-- Records supplied follows --

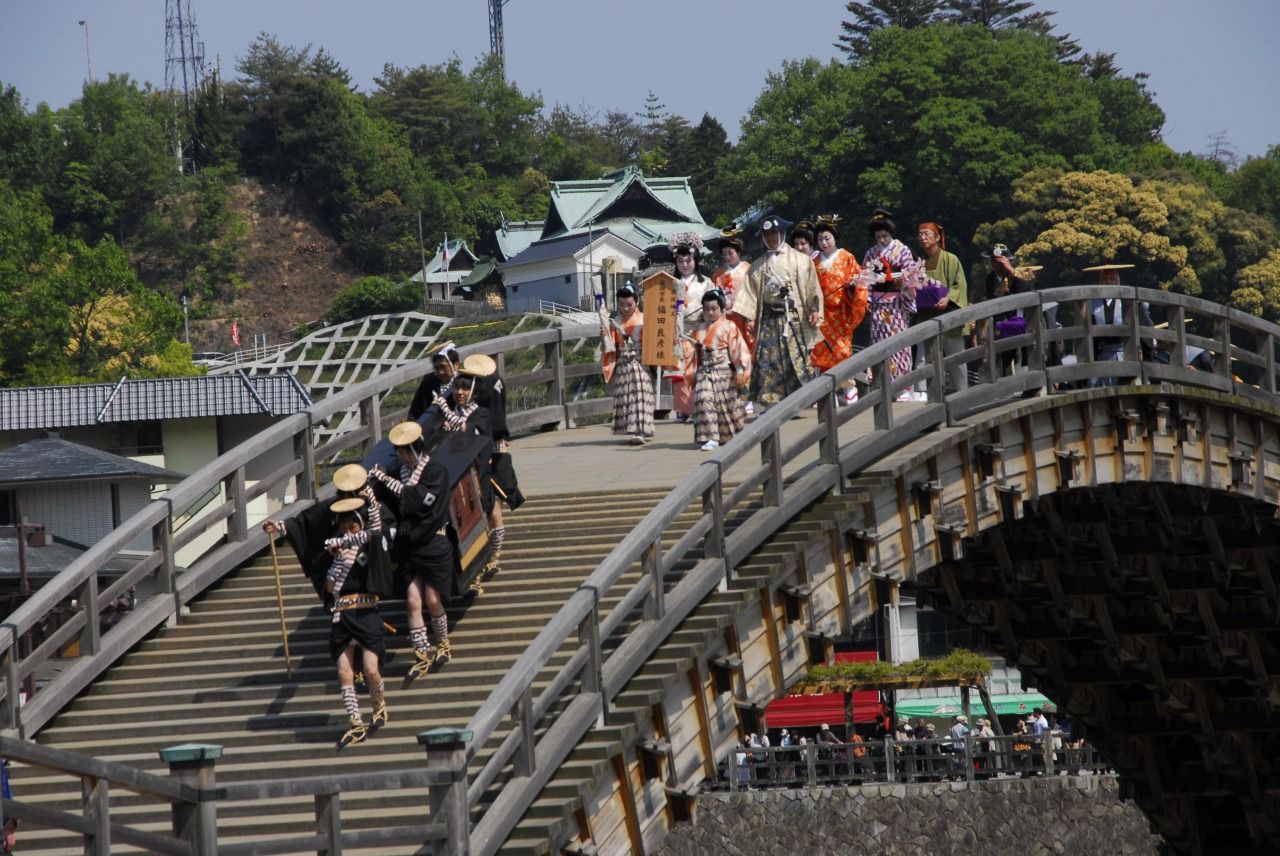 錦帯橋まつり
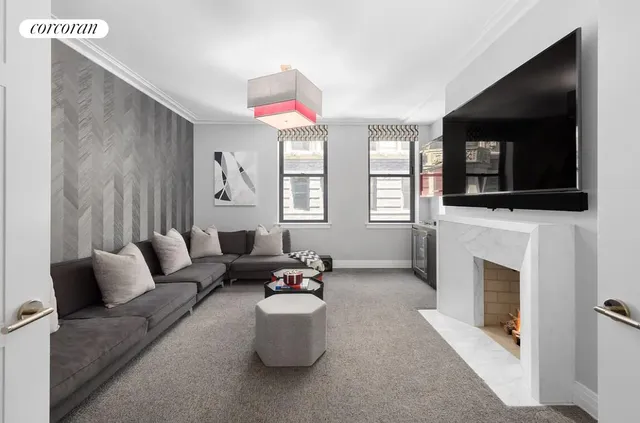 $11,500,000 | 235 West 75th Street, Unit 701 | Upper West Side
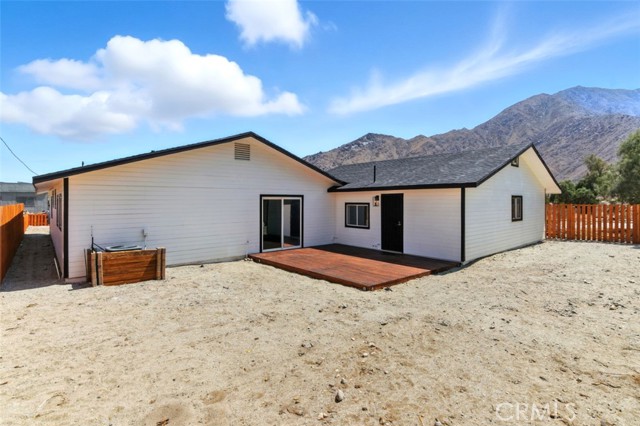 15872 Coral Street, Palm Springs CA: https://media.crmls.org/medias/c4565876-b887-4cba-8449-ad5d38757e38.jpg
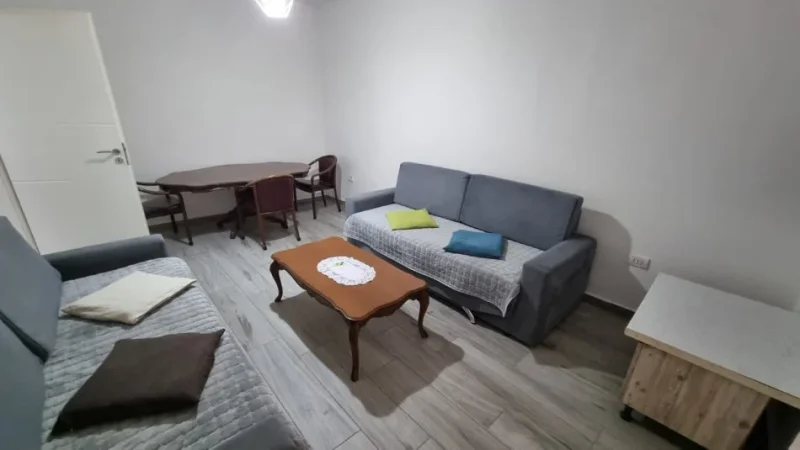 Tirane, jepet me qera apartament 1+1 Kati 5, 70 m² 550 € (Supermarket Viva Don Bosko)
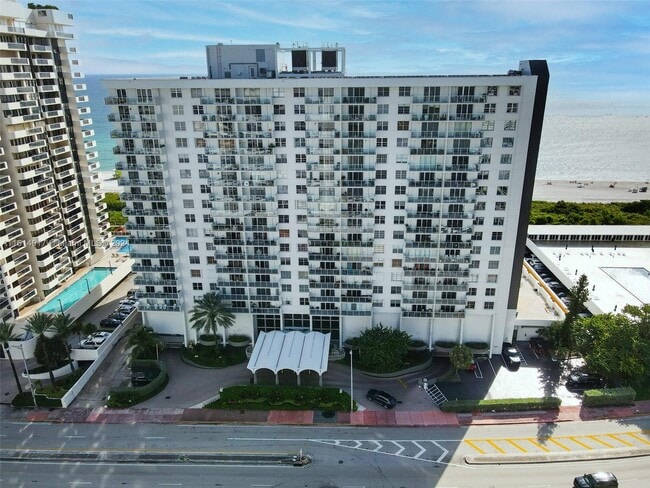 Building Photo - 5701 Collins Ave Rental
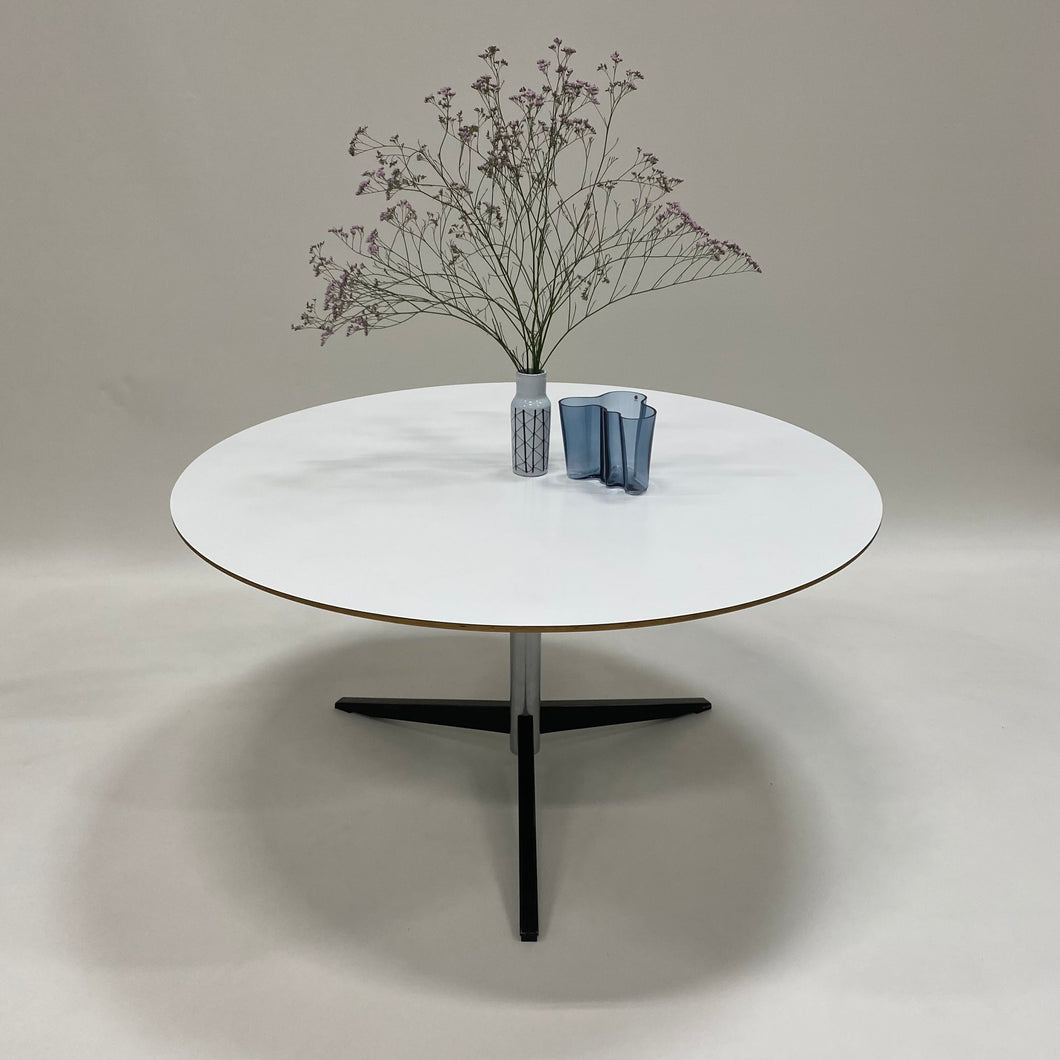 Round Dining Table 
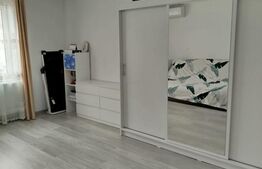 Casa cu 3 camere, suprafata de 140 mp 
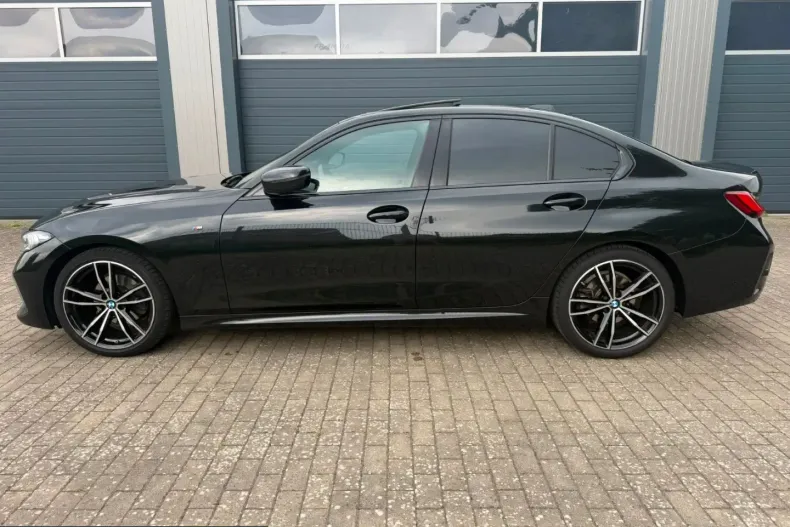 BMW 320 (Seria 3) din 2023 cu 81.000 km - oferta BMW250423 - foto 3
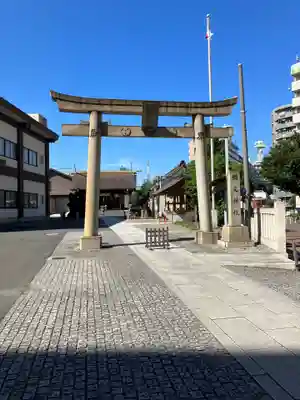 鶴見神社の鳥居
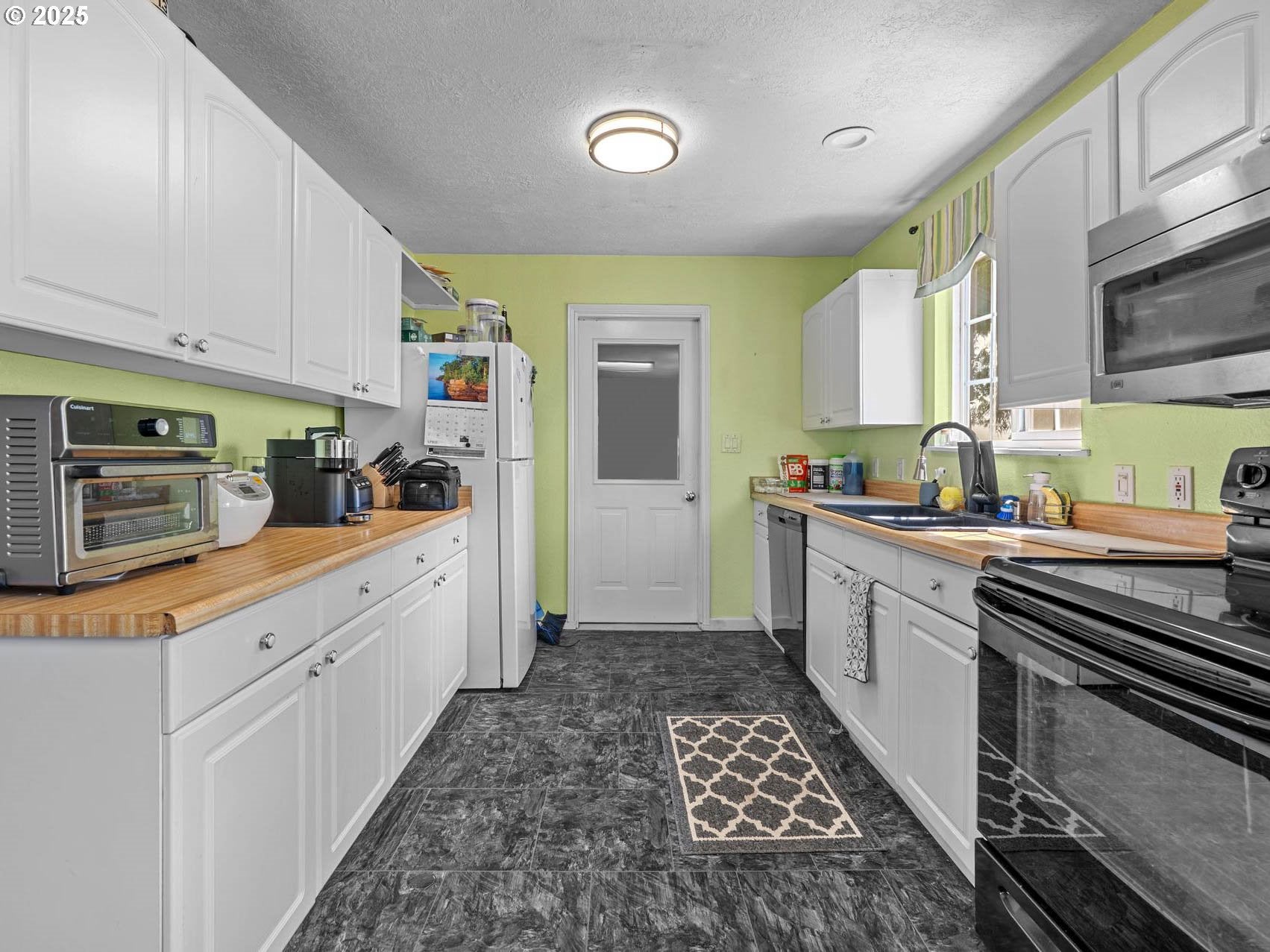 Hillsboro, Oregon, 97124, United States, 2 Bedrooms Bedrooms, ,1 BathroomBathrooms,Residential,Active,1899210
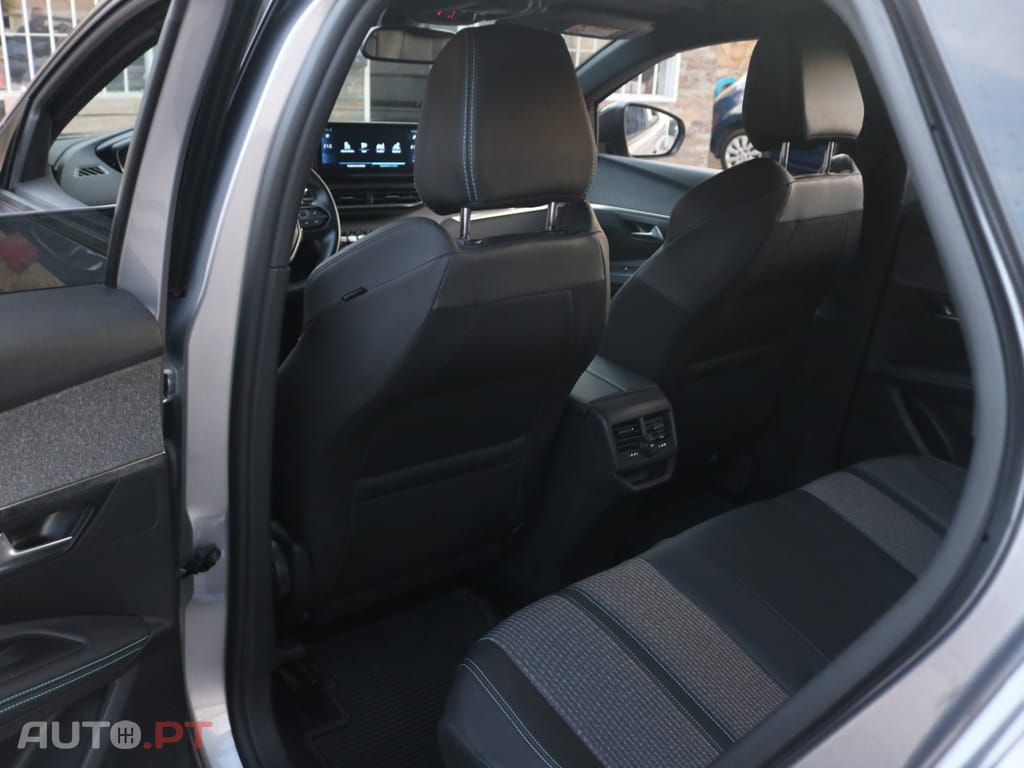 Peugeot 3008 1.5 BlueHDi Allure Pack EAT8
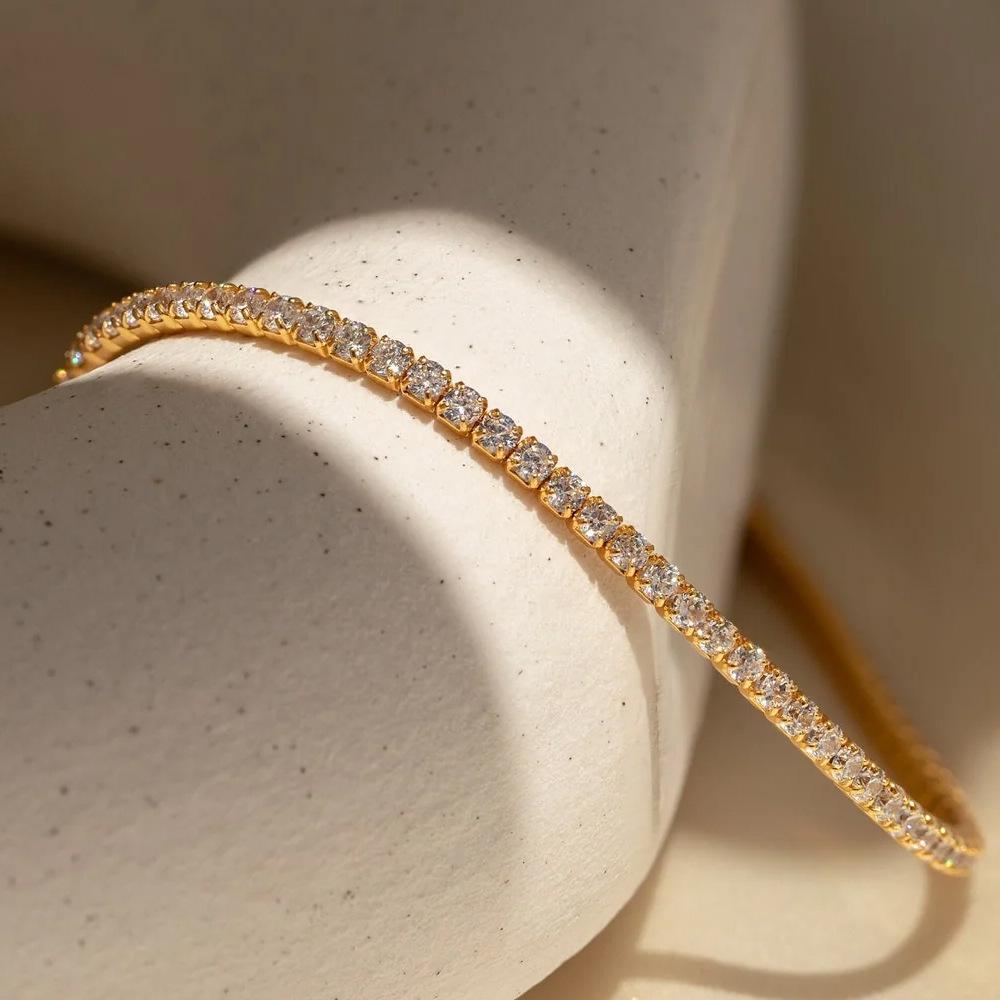 St. Delan European and American Fashion Diamond Tennis Bracelet with Round Zircon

-- Records supplied concluded --

_Problem statement_
Going by the data above, give back only the lines from the one containing "Upper West Side" through the one containing "Hillsboro, Oregon, 97124, United", exactly as they stand, both ends included and no images.

_Task output_
 $11,500,000 | 235 West 75th Street, Unit 701 | Upper West Side
 15872 Coral Street, Palm Springs CA: https://media.crmls.org/medias/c4565876-b887-4cba-8449-ad5d38757e38.jpg
 Tirane, jepet me qera apartament 1+1 Kati 5, 70 m² 550 € (Supermarket Viva Don Bosko)
 Building Photo - 5701 Collins Ave Rental
 Round Dining Table 
 Casa cu 3 camere, suprafata de 140 mp 
 BMW 320 (Seria 3) din 2023 cu 81.000 km - oferta BMW250423 - foto 3
 鶴見神社の鳥居
 Hillsboro, Oregon, 97124, United States, 2 Bedrooms Bedrooms, ,1 BathroomBathrooms,Residential,Active,1899210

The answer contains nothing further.